--- Data supplied Enclosed Below ---
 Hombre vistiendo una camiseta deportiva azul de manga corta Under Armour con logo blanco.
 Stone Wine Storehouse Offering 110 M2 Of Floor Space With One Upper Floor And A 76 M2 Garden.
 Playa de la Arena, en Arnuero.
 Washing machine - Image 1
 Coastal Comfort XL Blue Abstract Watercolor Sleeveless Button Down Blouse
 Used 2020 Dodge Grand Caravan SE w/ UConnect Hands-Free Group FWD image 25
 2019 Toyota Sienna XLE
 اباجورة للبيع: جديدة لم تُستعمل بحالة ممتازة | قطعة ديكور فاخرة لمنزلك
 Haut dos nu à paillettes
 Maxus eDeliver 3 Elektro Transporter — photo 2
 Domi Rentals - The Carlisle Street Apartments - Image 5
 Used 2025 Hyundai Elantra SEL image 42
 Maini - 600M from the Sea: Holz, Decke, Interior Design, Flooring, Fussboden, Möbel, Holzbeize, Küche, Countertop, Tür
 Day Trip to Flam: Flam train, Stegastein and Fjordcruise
--- End of Enclosed Data supplied ---
[To do]: Find the lines above that hold "Used", then copy each of them.

[Solved problem]:
 Used 2020 Dodge Grand Caravan SE w/ UConnect Hands-Free Group FWD image 25
 Used 2025 Hyundai Elantra SEL image 42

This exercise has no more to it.